A review by dilchh
Lost & Found by Brooke Davis

2.0

Honestly, I don’t know what to make of this book. I can’t even definitively say whether this was a fast or slow paced book. It was just a very random and weird experience for me when I read it, and it’s not the nice weird like when I read Haruki Murakami’s work. I feel like the author really tries so hard in trying to make the story felt unique or different, but then I just couldn’t bring myself to connect with it. I like the theme of death and how almost everyone always tip-toed around the subject. I mean, being born and then dying is like two sides of the same coin, and yet people are only comfortable with the former than the latter. I guess, that was what kept me going with this book, but everything about this book just screams illogical to me the further I went with the story.

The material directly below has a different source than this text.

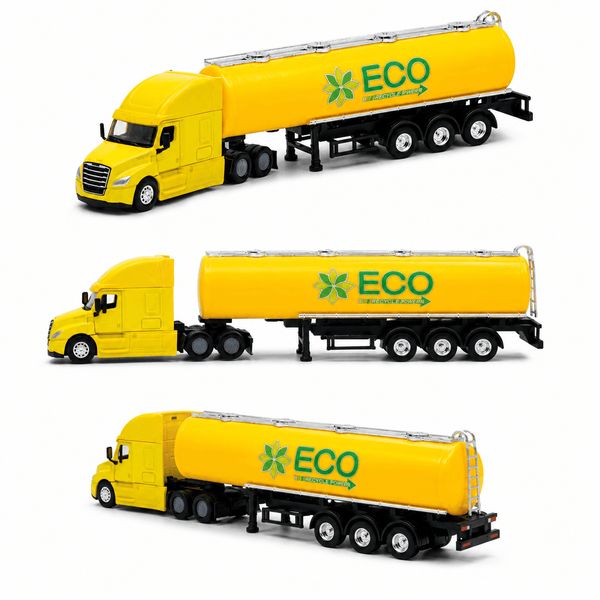 Camión Freightliner Oil Tanker Escala 1:64 - Welly - Toyng Chile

Should I named those illogical things? I think I should; (1) why would Millie’s mum left her in a freaking department store, if she’s going to send her relatives to come and pick Millie at home, eventually? I mean, what the actual thing? (oops, there goes a bit of a spoiler); (2) I don’t know how department store works in Australia, but are you seriously telling me that an old man and a seven year-old had been staying inside the department store for a couple of days and no one had known about it? Really? Yeah, I don’t buy that; (3) what is up with Karl the touch typist, tough? I’m not an old man and I never will be (I will, however, be an old woman), but every single thing that he does just seems awkward and just plain annoying. It’s like the author was channeling Allan Karlsson from The Hundred-Year Old Man Who Climbed Out the Window and Disappeared, but where Allan Karlsson is likeable, this Karl is just simply annoying and irritating! There, I said it; (4) oh don’t get me started with Agatha Pantha. I get that she is grieving in her own way, and at that point she seems like the most believable character of them all, but then the constant shouting and how the author portrayed young Agatha and how it didn’t match her old self just irks me to no end. I can’t for the life of me believe that there is someone like Agatha, although if I have to choose one out of the lot, then Agatha seems to be the only character that might be the most relatable.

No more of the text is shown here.